It is now common knowledge that rain-fed farming is no longer viable.
Most farmers are, therefore, going for irrigation systems to give their crops sufficient water as the dry spell bites.
But even as many take up the technology, few farmers know how to efficiently use the various irrigation systems for more yields.
I visited farmer Mary the other day in Machakos when she had just harvested her bulb onions. She proudly informed me that she harvested about seven tonnes per acre.
Well, I could share her joy but the harvest was quite below the expected yields of 16-20 tonnes per acre.
One of the things to which I attributed the low yields was the irrigation scheduling, which Mary said she had a problem with. According to her, she watered her crops every day using the drip irrigation systems for about 20 minutes.
The recommended watering duration using the drip irrigation system for her area is two hours, three times per week, but it depends on the weather conditions.
Drip is the commonly used irrigation system in Kenya, with the others being overhead and surface irrigation.
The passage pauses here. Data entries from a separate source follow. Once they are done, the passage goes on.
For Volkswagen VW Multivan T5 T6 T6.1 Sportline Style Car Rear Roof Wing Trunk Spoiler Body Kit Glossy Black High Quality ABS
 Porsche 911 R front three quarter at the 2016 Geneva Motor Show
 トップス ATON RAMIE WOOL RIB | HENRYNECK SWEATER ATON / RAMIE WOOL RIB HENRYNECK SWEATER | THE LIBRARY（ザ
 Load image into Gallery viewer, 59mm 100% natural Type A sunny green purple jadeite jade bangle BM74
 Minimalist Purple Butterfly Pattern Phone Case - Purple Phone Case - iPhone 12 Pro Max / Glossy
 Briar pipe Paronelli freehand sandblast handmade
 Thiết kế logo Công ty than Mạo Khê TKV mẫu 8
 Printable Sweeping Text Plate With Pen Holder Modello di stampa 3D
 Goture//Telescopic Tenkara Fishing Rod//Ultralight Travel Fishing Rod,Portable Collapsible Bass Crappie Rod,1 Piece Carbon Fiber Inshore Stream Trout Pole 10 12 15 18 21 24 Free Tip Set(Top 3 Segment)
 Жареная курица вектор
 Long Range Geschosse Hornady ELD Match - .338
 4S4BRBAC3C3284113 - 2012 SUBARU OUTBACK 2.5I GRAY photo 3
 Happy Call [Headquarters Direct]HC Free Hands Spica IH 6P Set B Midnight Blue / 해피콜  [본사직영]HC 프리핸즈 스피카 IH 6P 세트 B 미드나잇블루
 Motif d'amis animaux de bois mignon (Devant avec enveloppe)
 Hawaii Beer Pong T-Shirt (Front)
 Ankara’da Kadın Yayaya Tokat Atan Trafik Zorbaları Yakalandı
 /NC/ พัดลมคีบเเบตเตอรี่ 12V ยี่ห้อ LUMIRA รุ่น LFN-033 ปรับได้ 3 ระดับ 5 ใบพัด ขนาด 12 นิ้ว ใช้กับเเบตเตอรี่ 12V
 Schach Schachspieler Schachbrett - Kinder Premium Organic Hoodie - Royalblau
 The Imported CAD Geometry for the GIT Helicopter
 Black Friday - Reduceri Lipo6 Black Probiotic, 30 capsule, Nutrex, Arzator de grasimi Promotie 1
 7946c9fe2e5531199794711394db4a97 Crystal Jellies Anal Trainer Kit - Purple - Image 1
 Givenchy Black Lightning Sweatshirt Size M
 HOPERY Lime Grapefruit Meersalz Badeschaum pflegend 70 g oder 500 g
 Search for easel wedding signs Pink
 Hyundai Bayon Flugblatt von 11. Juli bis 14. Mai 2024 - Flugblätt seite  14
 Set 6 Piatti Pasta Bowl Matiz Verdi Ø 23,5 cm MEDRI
The choice of an irrigation method depends on the topography of the land, availability of water, variations in soil types, source of power to pump water, on-farm storage capacity and capital required.
The irrigation system layout is critical on a farm set-up since the design and performance should be in line with irrigation scheduling to enhance the farmer’s skills to control and manage the system more efficiently.
Ideally, it’s important to water early in the morning or late in the evening as this helps the plants to absorb water. Watering when the temperatures are too high results in water loss due to evaporation.
Before watering, the farmer should do a simple water test by feeling and observing the appearance of the soil and the crops.
GROWING STAGE OF THE CROP
This is done by squeezing soil into a ball and creating a ribbon between the thumb and the fore fingers.
Sticky means that it is well watered while loose soil shows one should irrigate the crops.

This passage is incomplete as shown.